Entendo e lamento profundamente que todos os que e encontram na necessidade de contactar e até "depender" dos serviços da Segurança Social e do IEFP, sejam confrontados com situações quase humilhantes (essa de andar a acarretar carimbos é deplorável). Melhor entendo quanto mais o sentirão pessoas com elevadas qualificações a terem que se sujeitar a frequentar cursos e cursinhos, inúteis para eles.
No entanto, não se deve pôr aqui em causa o atendimento por jovens de 30anos, sem experiência e com emprego certo. Eles não têm culpa da situação difícil de quem está à sua frente. O que se deve pôr em causa, isso sim, é se o atendimento foi correcto e competente, seja ele feito por jovem ou velho. Se o foi, o "cliente" não lhe deve assacar quaisquer culpas, pois o atendedor não tem capacidade de decisão para lhe oferecer mais do que o sistema lhe permite. Deve sim pôr-se em causa esse mesmo sistema, exigir-lhe maior flexibilidade, para que se minimizem situações como as descritas e até, se possível, eliminá-las.
Infelizmente quem está a dar a cara é sempre quem fica na "boca do lobo". E quantas vezes essa pessoa, por não poder ir mais além, também se sente ela humilhada, ou frustrada por não poder chegar ao que ela própria entende dever ser sua missão? ´
Alguém pensou nisso?
Situações de incompetente atendimento, falta de respeito ou desumanidade, são outra coisa. Para isso há LIVRO DE RECLAMAÇÕES.

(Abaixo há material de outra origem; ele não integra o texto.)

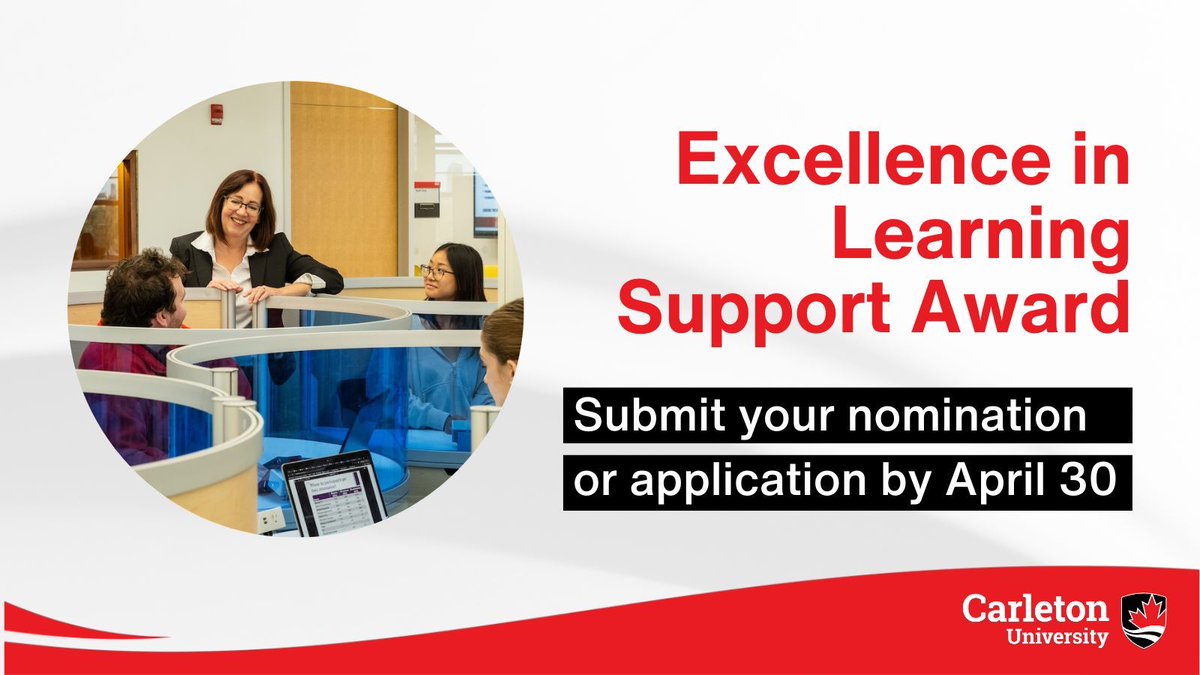 Carleton University Teaching & Learning Services (@cu_teaching) on Twitter photo The Excellence in Learning Support Award recognizes educational support staff who positively impact student learning in labs, classrooms and other diverse learning environments across <a href="/Carleton_U/">Carleton University</a>. Apply or nominate a colleague before April 30: buff.ly/EMnz3Dj The Excellence in Learning Support Award recognizes educational support staff who positively impact student learning in labs, classrooms and other diverse learning environments across <a href="/Carleton_U/">Carleton University</a>. Apply or nominate a colleague before April 30: buff.ly/EMnz3Dj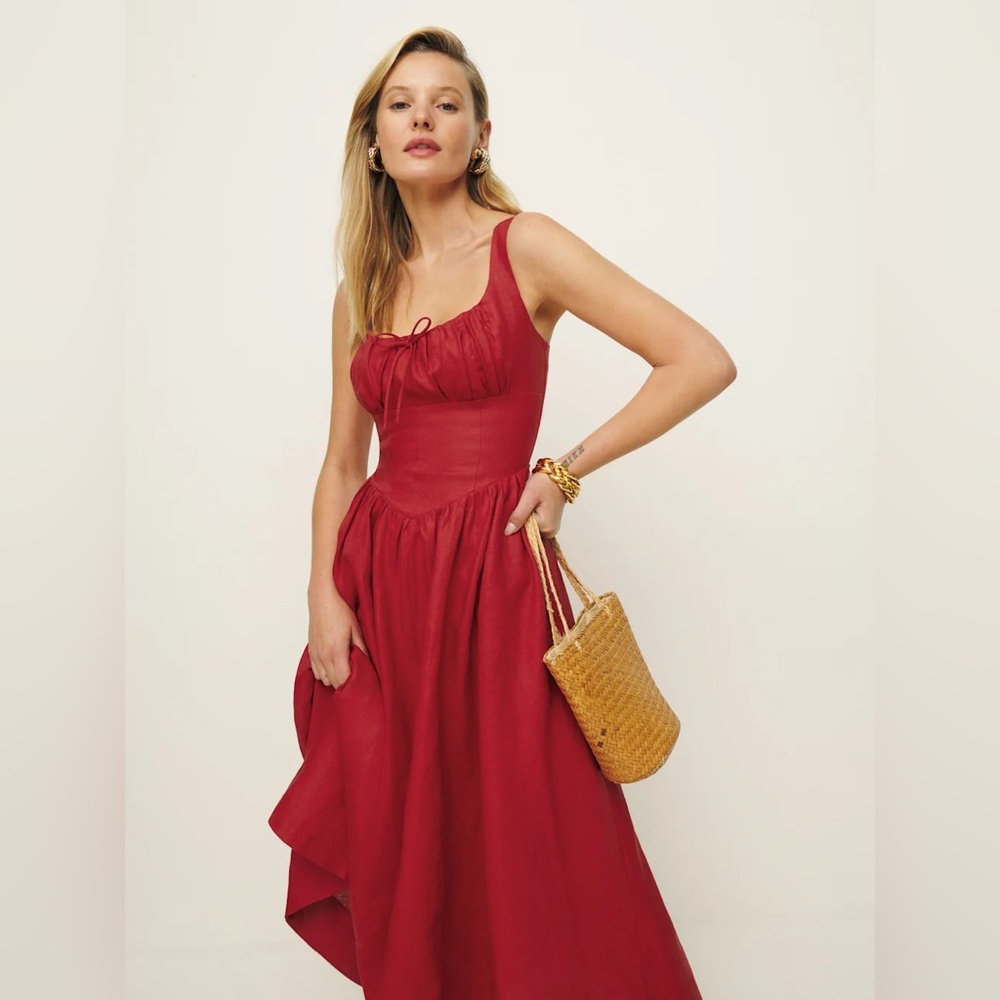 Reformation Red Midi Dress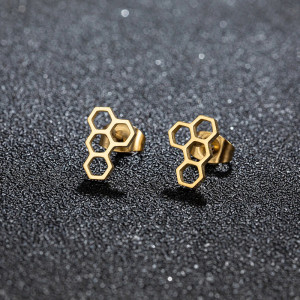 Boucles d'Oreilles Abeille Nid d'Abeille | Bijou Minimaliste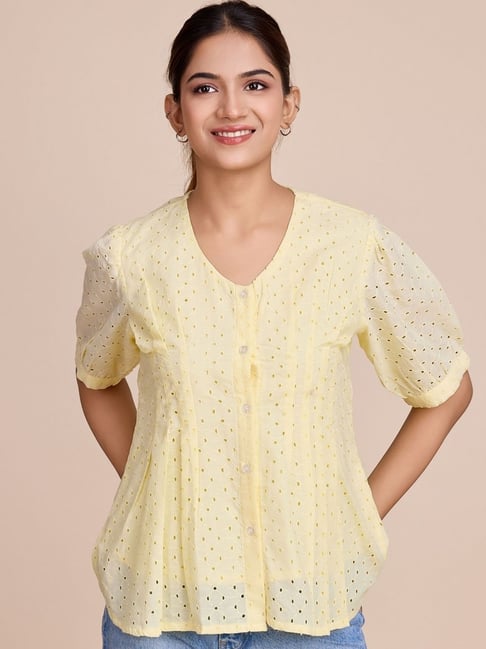 House of Mira Yellow Viscose Embroidery Peplum Top-picture-24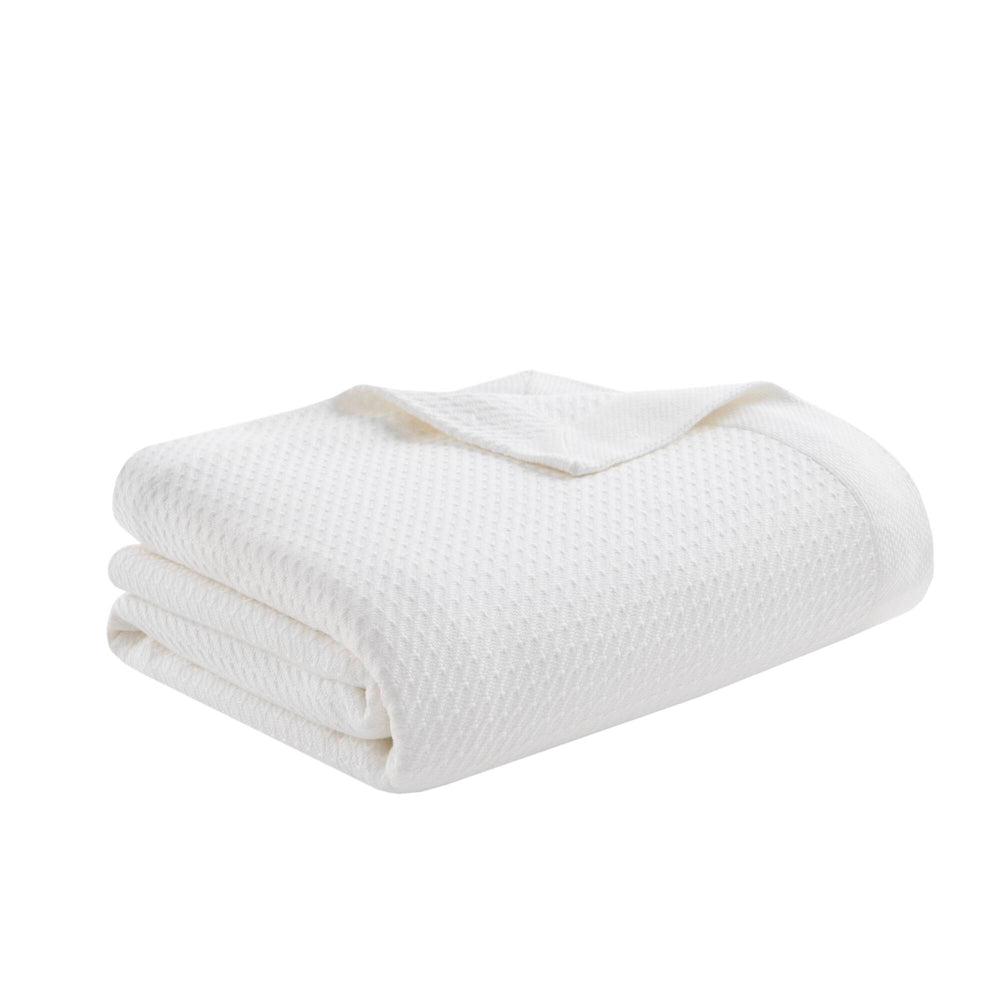 JLA Home Madison Park - Blanket Crafted from 100% Egyptian Cotton for Supreme Softness, Durable Everyday Comfort and Breathability White MP51N-5162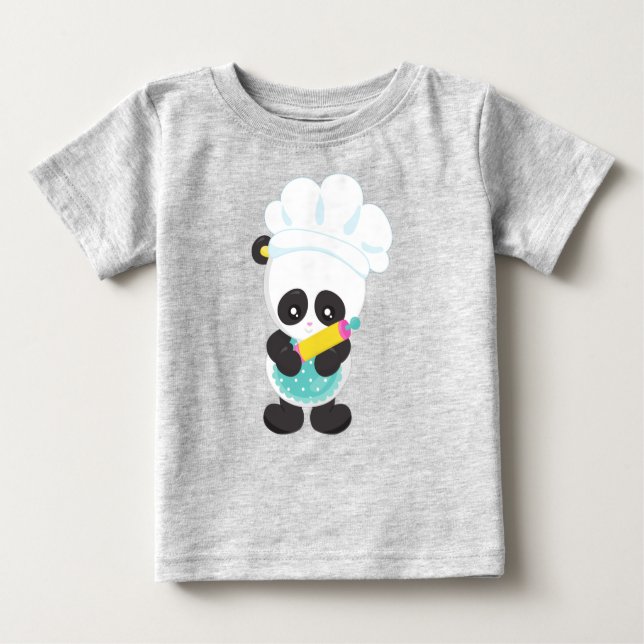 T-shirt Pour Bébé Panda cuisine, Panda Cuisson, Tablier, Épingle (Devant)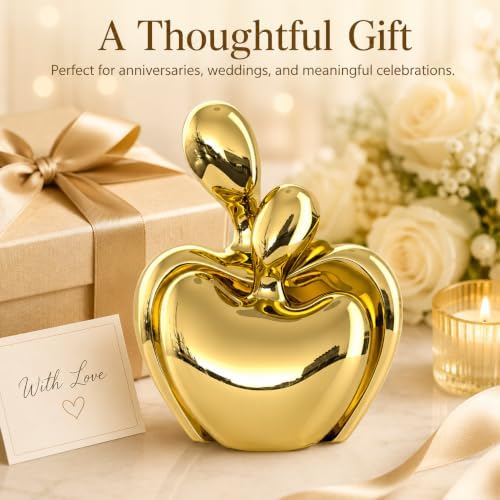 XMGZQ Hugging Couple Statue Ceramic Lover Figurine Home Decor is a Romantic Gift for Her on Wedding Anniversary and Valentines, TV Stand Decoration Knick Knacks for Shelves (Gold, 7in) - Image 7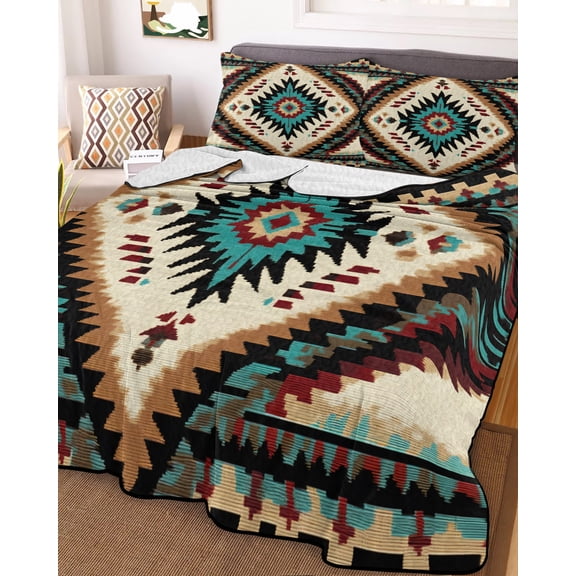 Brown Teal Red Boho King Size Down Alternative Comforter, Lightweight Comforter Quilt Bedding Set with Pillow Shams Southwestern Geometric Art Vintage All Seasons Bed Comforter Duvet Insert 96"x106"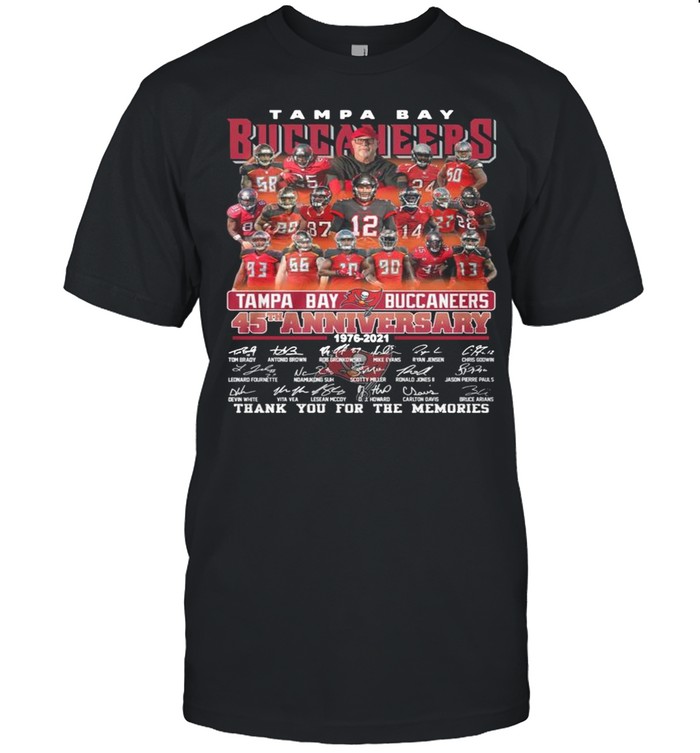 Tampa Bay Buccaneers 45th Anniversary 1976 2021 Signatures Thanks For The Memories shirt Classic Men's T-shirt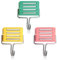 Luckious Magnetic Hooks 3Pcs - Extra Strong Magnet with Metal Hook for Refrigerator, Super Fridge Kitchen Doors (Pink, Yellow, Blue)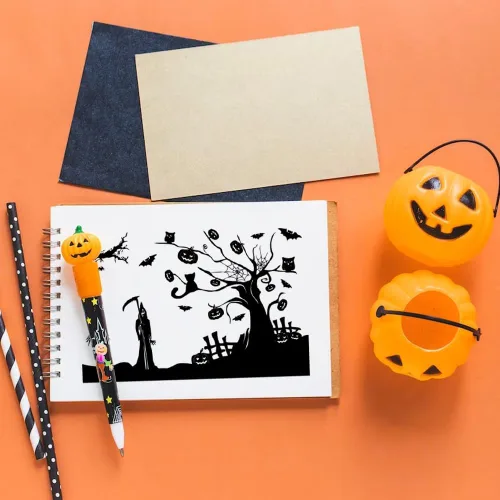 Vista 3 de Hying Sellos transparentes de fondo de Halloween para hacer tarjetas, murciélagos de la muerte, calabaza, araña, sellos de goma transparente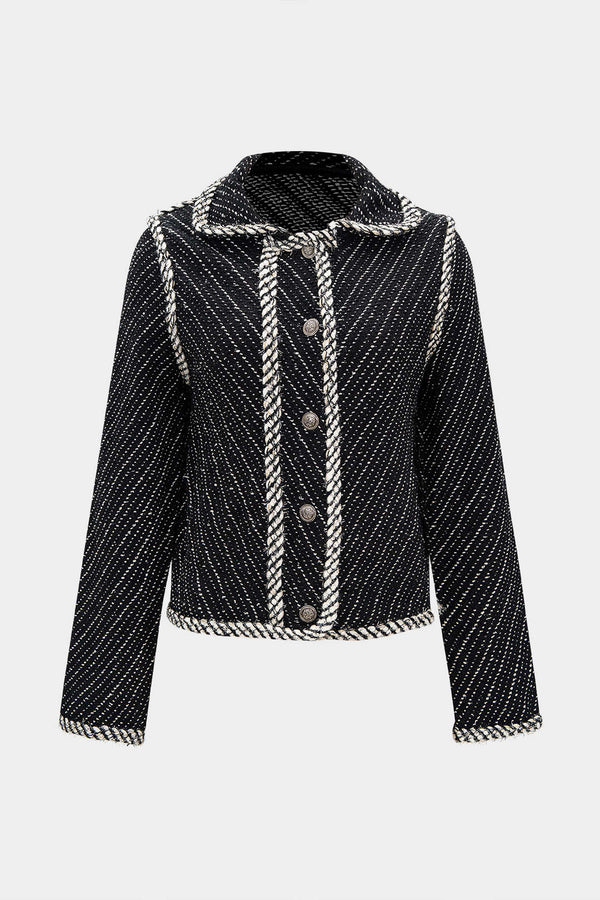 Gebreide metallic item met knoopjes en revers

Margarida Corrêa de Aguiar disse...

Caro João Pereira da Silva
Já dei uma vista de olhos. O exercício é interessante e útil. Mas há algumas rúbricas e alguns montantes que não entendo. Poderei enviar-lhe um mail logo que me seja possível.
Cumprimentos

Caro SGLS
Não gosto da expressão, mas é aquela que me ocorre dizer: "a culpa é o do sistema", a precisar de uma "varridela" como comentou o Caro Tiro ao Alvo.

João Pereira da Silva disse...

Obrigado. Entretanto o ficheiro está actualizado com gráficos.